Licht am Ende des Gepäcktunnels

Trotz aller Fristen und Formalitäten gibt es ein kleines Licht am Ende des Gepäcktunnels: 95 Prozent aller verlorenen Koffer und Taschen werden innerhalb der ersten fünf Tage nach ihrer Verlustmeldung wiedergefunden und ausgeliefert.
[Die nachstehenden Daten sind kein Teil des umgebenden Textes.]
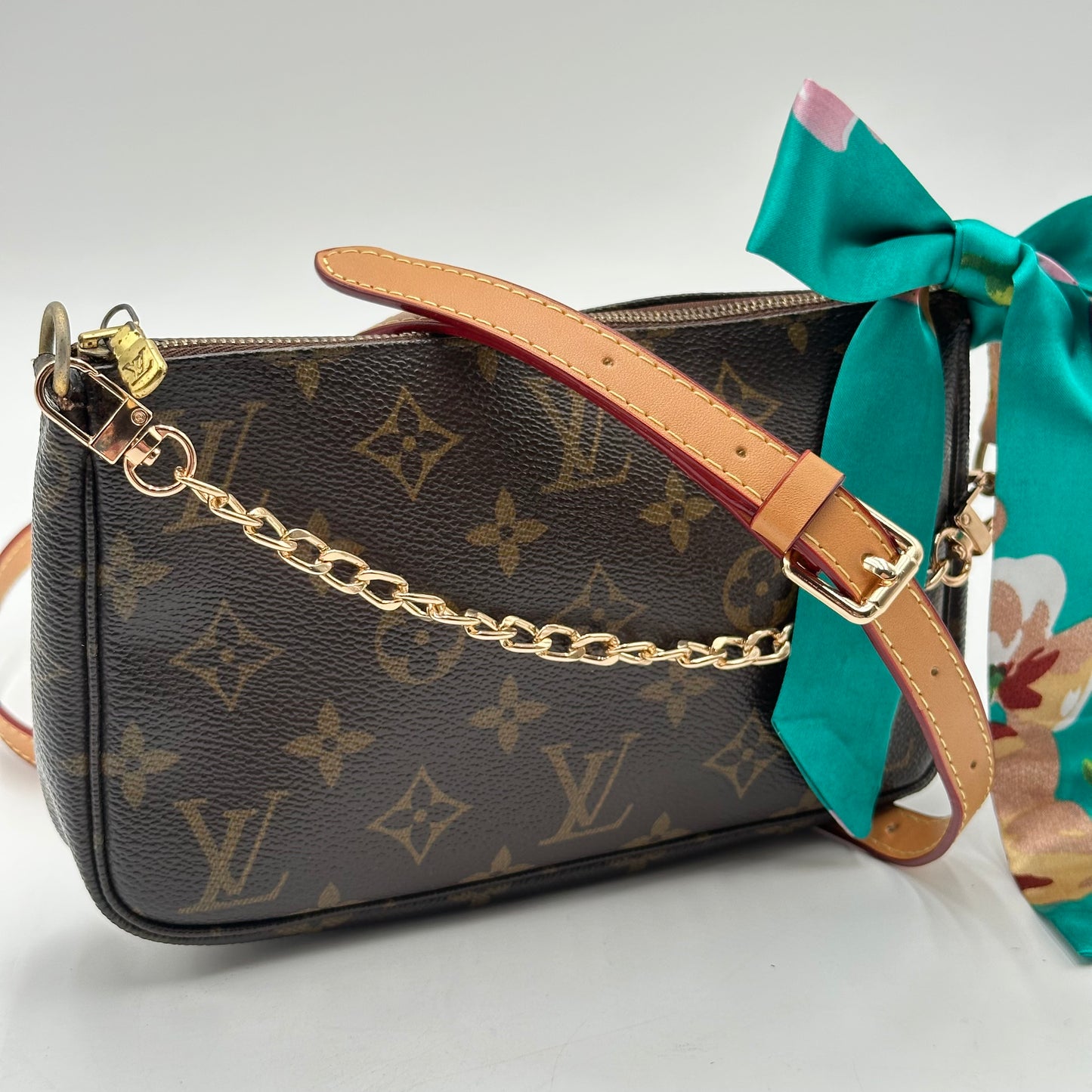 Authentic Louis Vuitton 2004 Monogram Pochette Accessoires Crossbody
Wichtig ist nur, bei einer Auslieferung darauf zu achten, ob das Gepäckstück auch wirklich das eigene ist.

Gepäckfrust verhindern

• Nehmen Sie nur mit, was Sie wirklich brauchen - und schlimmstenfalls entbehren können.
 
• Packen Sie alle Wertgegenstände in Ihr Handgepäck.
 
• Stellen Sie eine Inventarliste für Ihr Aufgabegepäck auf und machen Sie ein Foto vom Inhalt des eigenen Gepäckstücks.
 
• Um die Suche nach dem Gepäckstück zu erleichtern, empfiehlt es sich, es mit Urlaubs- und Heimatadresse zu versehen.
 
• Checken Sie, ob Ihr Gepäck wirklich den Bedingungen der Airline entspricht - etwa, was das Gewicht angeht.
 
• Buchen Sie - so es geht - Direktflüge - und vermindern Sie so das Risiko, dass Gepäck verlorengeht.
 
• Nutzen Sie für Ihr Aufgabegepäck einen GPS-Tracker oder auch einen Airtag. Diese sind mittlerweile vom Luftfahrt-Bundesamt offiziell erlaubt, insofern sie mit Lithium-Metall-Batterien betrieben werden, deren Lithiumgehalt 0,3 Gramm und bei Lithium-Ionen-Batterien eine Wattstundenzahl von 2,7 Wh nicht überschreiten. Knopfzellen des Typs CR2032, die in Airtags oder Smarttags verwendet werden, fallen in diese Kategorie. Bisher fehlten eindeutige Vorgaben für die Mitnahme von Trackern im Aufgabegepäck, was zu unterschiedlichen Angaben der Airlines führte. Sollten Sie sich für einen Tracker entscheiden, behalten Sie im Hinterkopf, dass es Möglichkeiten gibt, diese Geräte zu manipulieren.